*EXERCISE DIRECTIONS:*
Transcribe the listing word for word, beginning at its first line and ending at the line containing "strong末代皇帝国语殿堂：一口地道京腔，带你声临其境-strong"; omit the pictures.

*PROVIDED ENTRIES:*
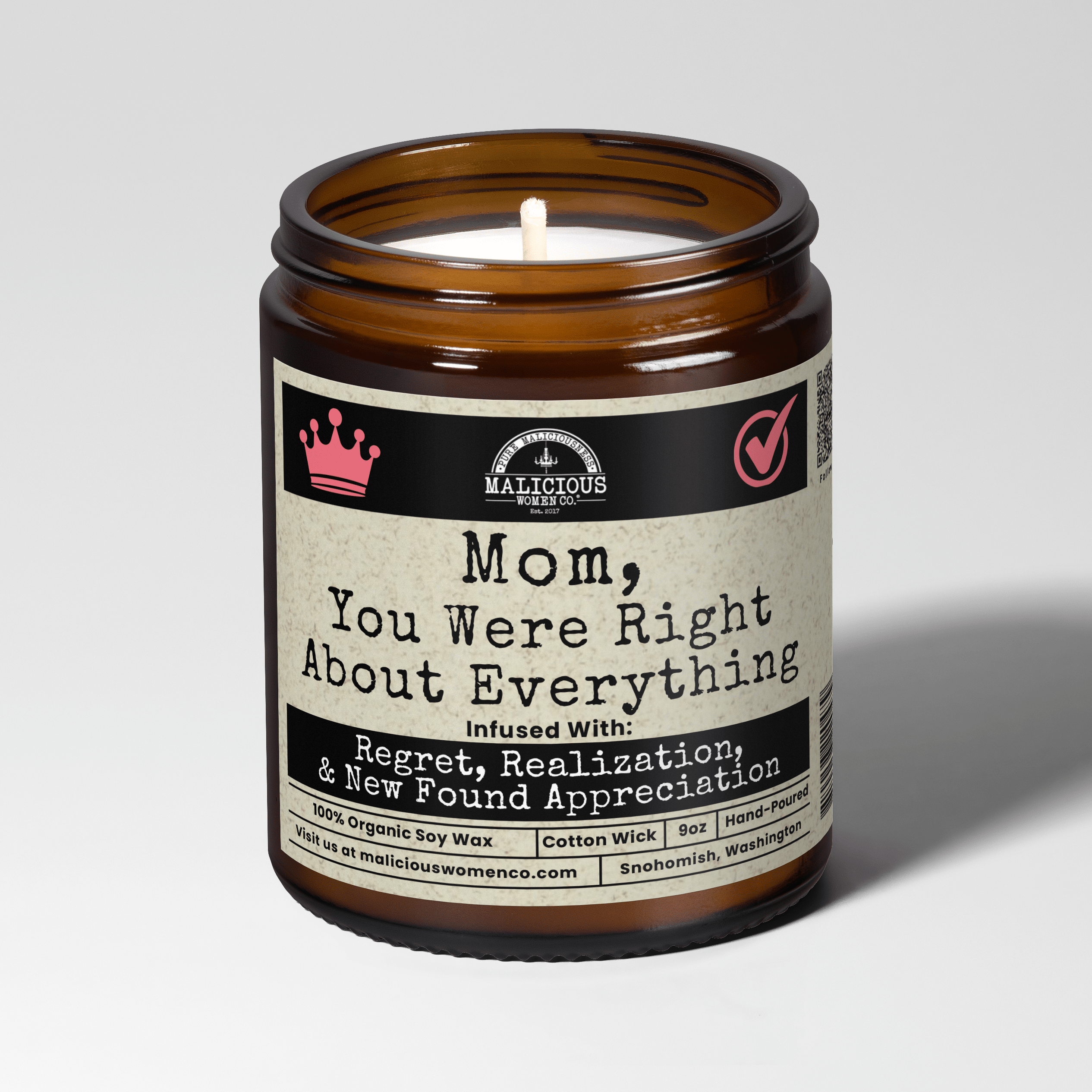 Mom, You Were Right About Everything | Scent: Sugared Pine | 9oz Mom Candle | Malicious Women Co - Malicious Women Co. -Candle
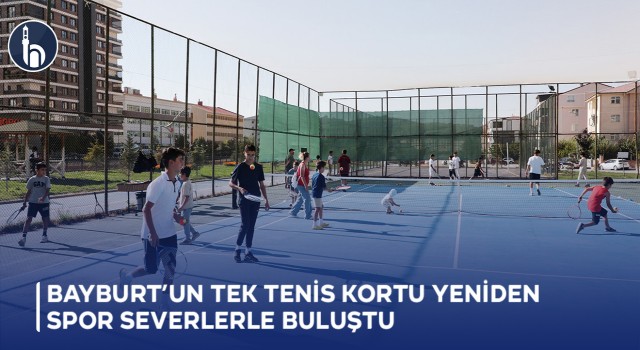 Bayburt’un Tek Tenis Kortu Yeniden Spor Severlerle Buluştu
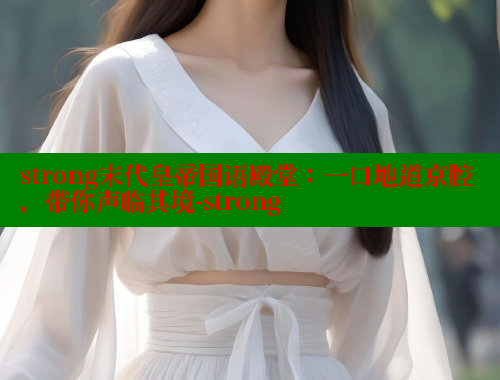 strong末代皇帝国语殿堂：一口地道京腔，带你声临其境-strong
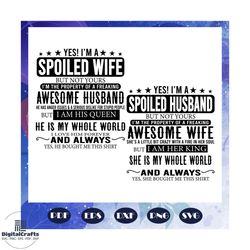 yes i am a spoiled wife svg, yes i am spoiled husband svg, awesome husband svg, awesome wife svg, i am his queen svg, i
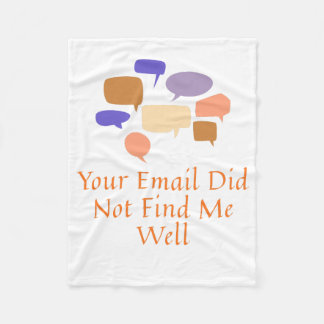 Je e-mail heeft me niet goed getroffen fleece deken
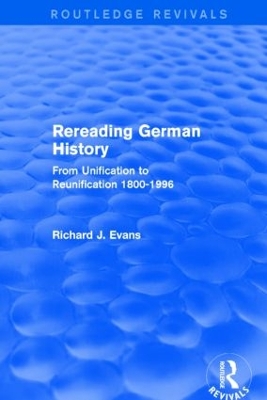 Rereading German History (Routledge Revivals): From Unification to Reunification 1800-1996 by Richard J. Evans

*WRITTEN RESPONSE:*
 Mom, You Were Right About Everything | Scent: Sugared Pine | 9oz Mom Candle | Malicious Women Co - Malicious Women Co. -Candle
 Bayburt’un Tek Tenis Kortu Yeniden Spor Severlerle Buluştu
 strong末代皇帝国语殿堂：一口地道京腔，带你声临其境-strong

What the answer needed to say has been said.